» What to produce: Type out the lines below exactly, pictures excluded.

» Raw data:
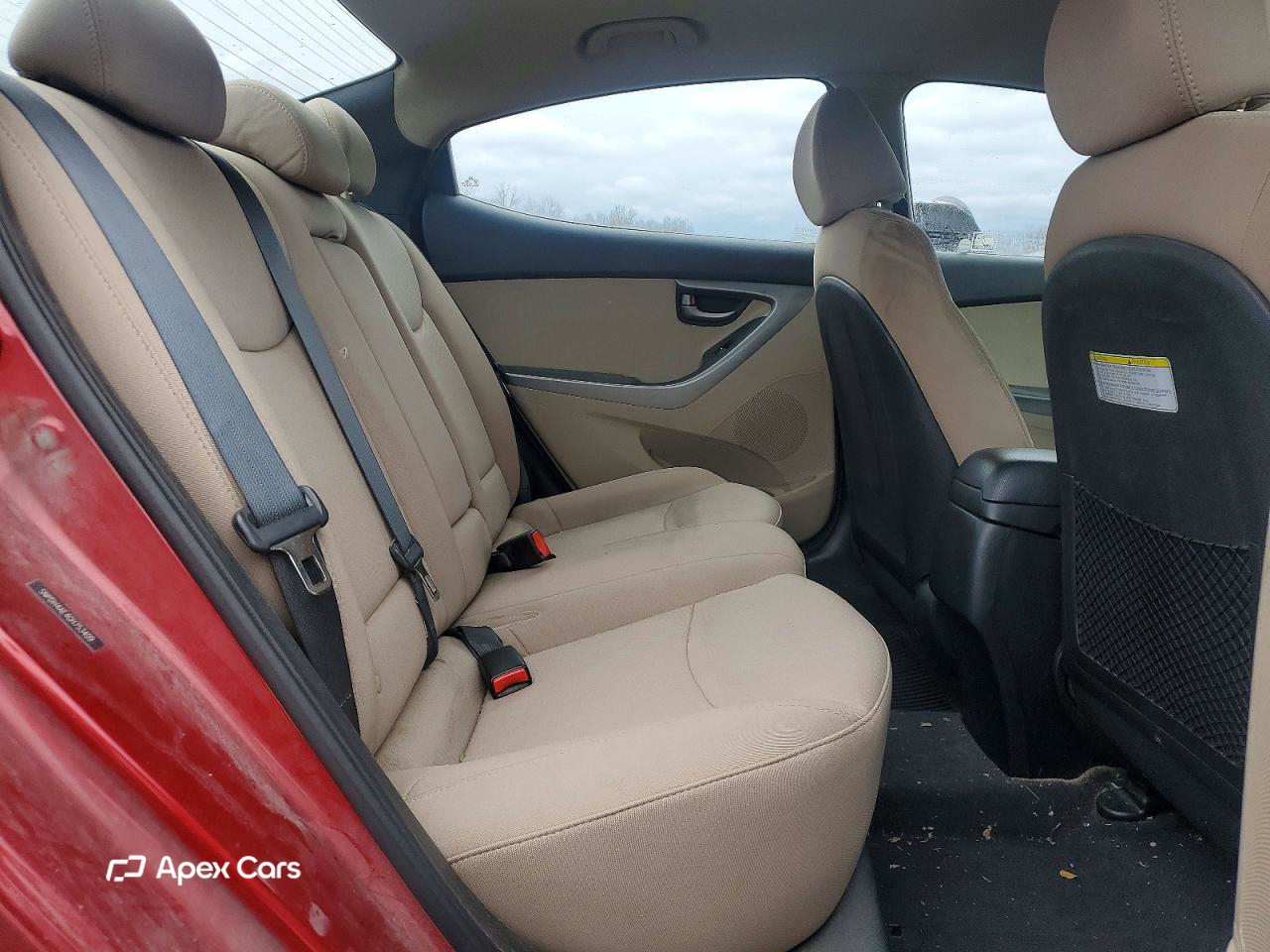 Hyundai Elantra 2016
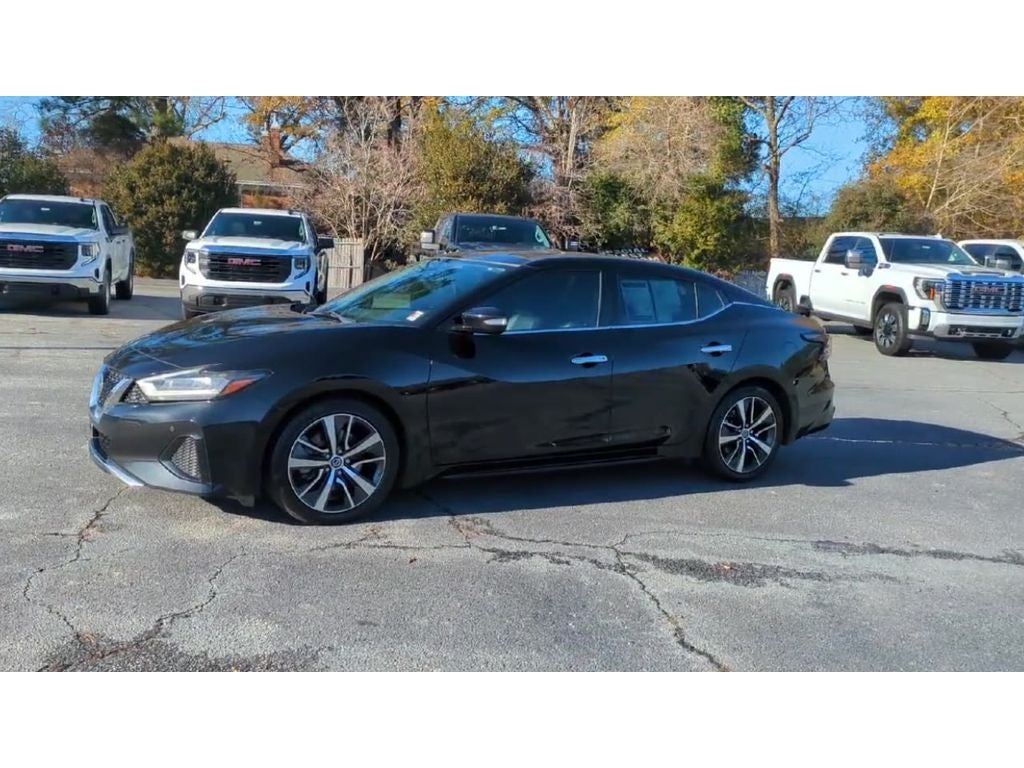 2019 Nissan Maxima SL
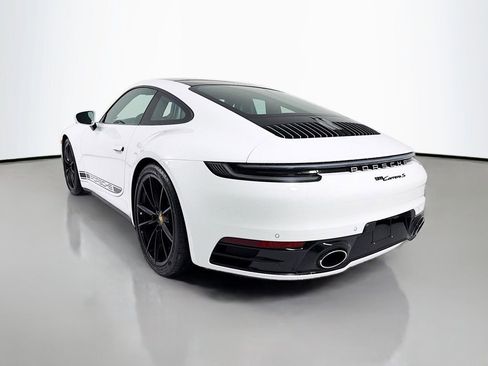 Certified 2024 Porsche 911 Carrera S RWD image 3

» Written answer:
 Hyundai Elantra 2016
 2019 Nissan Maxima SL
 Certified 2024 Porsche 911 Carrera S RWD image 3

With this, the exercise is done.